NEW YORK (TheStreet) -- In the first part of this series we talked about the importance of making your investment decisions more about the bottom line and less about perpetuating the "rules of investing" or sometimes the unspoken myths that serves to only qualify your status as an investor while yielding very little results.
In the the second part we looked at the myths surrounding portfolio diversification.
In this article we are going to focus on investor psychology and how a trained mind can look for not only ways to profit, but equally important, not being a Wall Street sucker.

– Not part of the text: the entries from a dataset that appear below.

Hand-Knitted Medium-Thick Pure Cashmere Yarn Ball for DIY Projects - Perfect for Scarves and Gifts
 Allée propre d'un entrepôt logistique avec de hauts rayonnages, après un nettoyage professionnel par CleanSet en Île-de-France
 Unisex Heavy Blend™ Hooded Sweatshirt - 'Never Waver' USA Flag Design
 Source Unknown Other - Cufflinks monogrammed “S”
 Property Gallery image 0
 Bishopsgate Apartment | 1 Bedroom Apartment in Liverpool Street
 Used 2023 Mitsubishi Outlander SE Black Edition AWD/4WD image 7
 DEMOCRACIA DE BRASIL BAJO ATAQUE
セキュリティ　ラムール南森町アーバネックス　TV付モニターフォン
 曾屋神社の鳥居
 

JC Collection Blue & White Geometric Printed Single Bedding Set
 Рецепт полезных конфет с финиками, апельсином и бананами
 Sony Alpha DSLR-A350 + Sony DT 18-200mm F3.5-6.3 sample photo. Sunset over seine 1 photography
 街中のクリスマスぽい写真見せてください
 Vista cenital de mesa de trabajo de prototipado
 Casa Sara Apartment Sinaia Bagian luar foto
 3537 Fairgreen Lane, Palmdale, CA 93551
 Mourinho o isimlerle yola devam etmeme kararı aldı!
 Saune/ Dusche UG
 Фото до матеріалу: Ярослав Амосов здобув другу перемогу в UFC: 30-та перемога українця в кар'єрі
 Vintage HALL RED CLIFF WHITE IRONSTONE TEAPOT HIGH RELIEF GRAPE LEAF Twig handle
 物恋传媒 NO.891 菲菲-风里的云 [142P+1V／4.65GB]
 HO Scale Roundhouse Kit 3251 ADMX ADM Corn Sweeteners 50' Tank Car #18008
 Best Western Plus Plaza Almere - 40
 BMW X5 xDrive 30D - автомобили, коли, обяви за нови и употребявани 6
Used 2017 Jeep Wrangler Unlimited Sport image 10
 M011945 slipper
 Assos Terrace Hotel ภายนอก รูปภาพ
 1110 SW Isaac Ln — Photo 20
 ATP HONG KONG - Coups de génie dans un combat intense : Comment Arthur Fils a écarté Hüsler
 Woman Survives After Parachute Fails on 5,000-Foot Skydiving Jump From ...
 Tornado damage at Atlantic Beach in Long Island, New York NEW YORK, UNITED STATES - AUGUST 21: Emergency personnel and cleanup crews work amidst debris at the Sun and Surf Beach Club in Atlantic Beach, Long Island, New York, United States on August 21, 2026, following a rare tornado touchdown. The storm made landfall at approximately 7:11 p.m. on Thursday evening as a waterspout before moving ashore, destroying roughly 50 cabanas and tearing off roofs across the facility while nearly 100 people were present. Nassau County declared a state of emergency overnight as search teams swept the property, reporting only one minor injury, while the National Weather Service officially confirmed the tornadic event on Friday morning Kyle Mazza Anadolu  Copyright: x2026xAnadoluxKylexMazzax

Don't Talk to StrangersWall Street reminds me sometimes of that sleazy guy in the old Volkswagen van driving around neighborhoods looking to handout lollipops. As adults you would think we'd know what his intentions are. However, those who are always quick to approach the van with eyes gleaming carrying high expectations often have no clue. While careful due diligence will remind me not to talk to strangers, not everyone appreciates a bearish sentiment. The term these days is "basher." Look up the word and you will likely see my name next to it. Be that as it may, I speak with these types of investors on a daily basis and it is often sad to hear the stories they share once they were finally allowed to exit the van. As you try to convince them that the lollipop wasn't worth it, they are off looking for the next van. Which reminds me of one of the things making Wall Street appear scarier than it really is -- Facebook's (FB) initial public offering gaffe. Another example is Research in Motion (RIMM), where although it has lost 95% of its value over the past three years (-51% this year alone), its management continues to insist there is nothing wrong with the company. But in RIM's case, this leads me to one of the most important rules of investing: Don't' try to catch a falling knife because you just end up getting hurt. The question is, why has it taken this long for the sell recommendations on RIM by analysts to start coming in? The stock has been in a free-fall for the past couple of years and the company has shown very little interest in making capital investments to compete against APPL (AAPL) and Google (GOOG) in any meaningful way.